IEU: Coaching can help teachers read their classrooms

IEU: Coaching can help teachers read their classrooms

Good coaching in classroom control can help teachers “read” their class and avoid disciplinary measures, says John Quessy, General Secretary of the NSW/ACT Independent Education Union (AEU).  

Most teachers would know that discipline is not a one-size-fits-all practice. Different children respond to discipline in different ways, which is why the practice of discipline has evolved so much over time.

Following the banning of corporal punishment from most schools, teachers now predominantly use the stepped system to moderate students’ behaviour.

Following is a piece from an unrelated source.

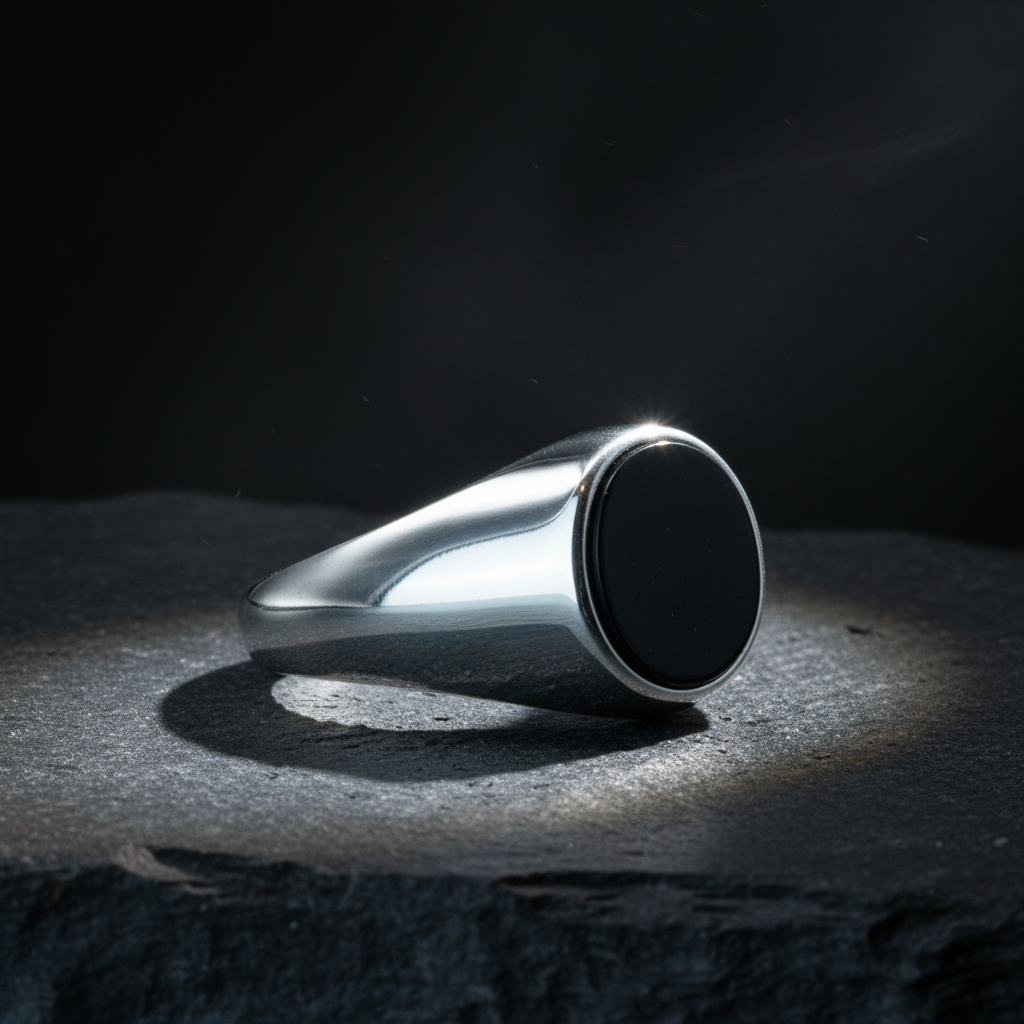 Men Silver Minimal Classic Onyx Signet Ring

Stepped systems involve a series of warnings that increase in severity and which can ultimately lead to a student’s expulsion from school.

However, this practice has been shown to make it difficult for the offending students to pick up from where they left off and re-engage with the learning process.

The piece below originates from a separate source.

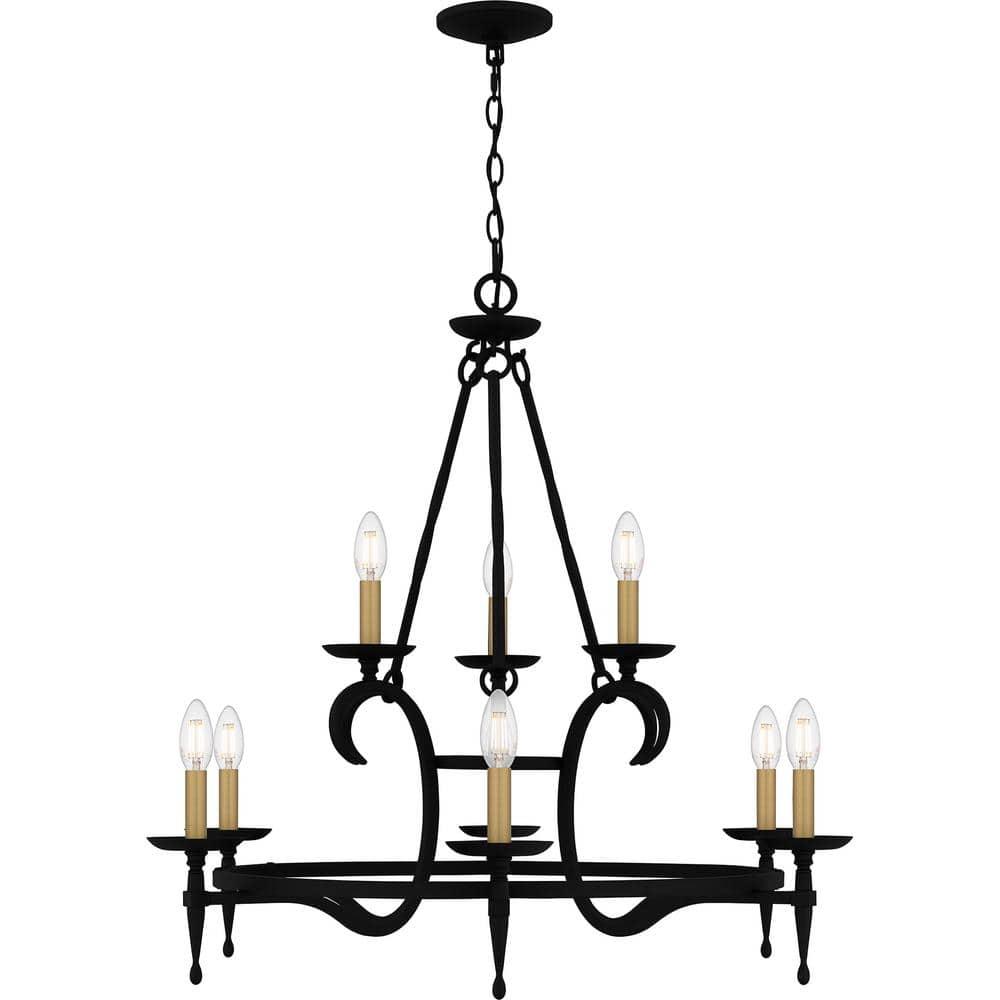 Quoizel Lighting Octavia 9 - Light Chandelier in  Earth Black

Quessy believes that stepped systems are just one piece of a creative puzzle that can help moderate student behaviour.

“Reward is much more than gold stars,” Quessy told The Educator.

“Stepped sanction can involve many creative interventions before formal warnings and time-outs.”

The Teacher Education Ministerial Advisory Group report recently showed that 85% of teachers indicated that they had used the stepped system during the past week of teaching, yet only 33.3% reported that it was effective.

Quessy said the stepped system itself is not enough and that teachers can benefit from coaches like Glen Pearsall - who ran sessions for the IEU’s early career teacher members in 2014 - to help “read” their classrooms more effectively.

“Students, especially adolescents, are excellent readers of voice, tone and body language, and a good coach can quickly assist teachers to "read" a class and a situation by building skills in these areas of classroom control.

“Initial teacher education would do well to incorporate properly facilitated workshops on classroom dynamics, appropriate intervention and student management,” Quessy said.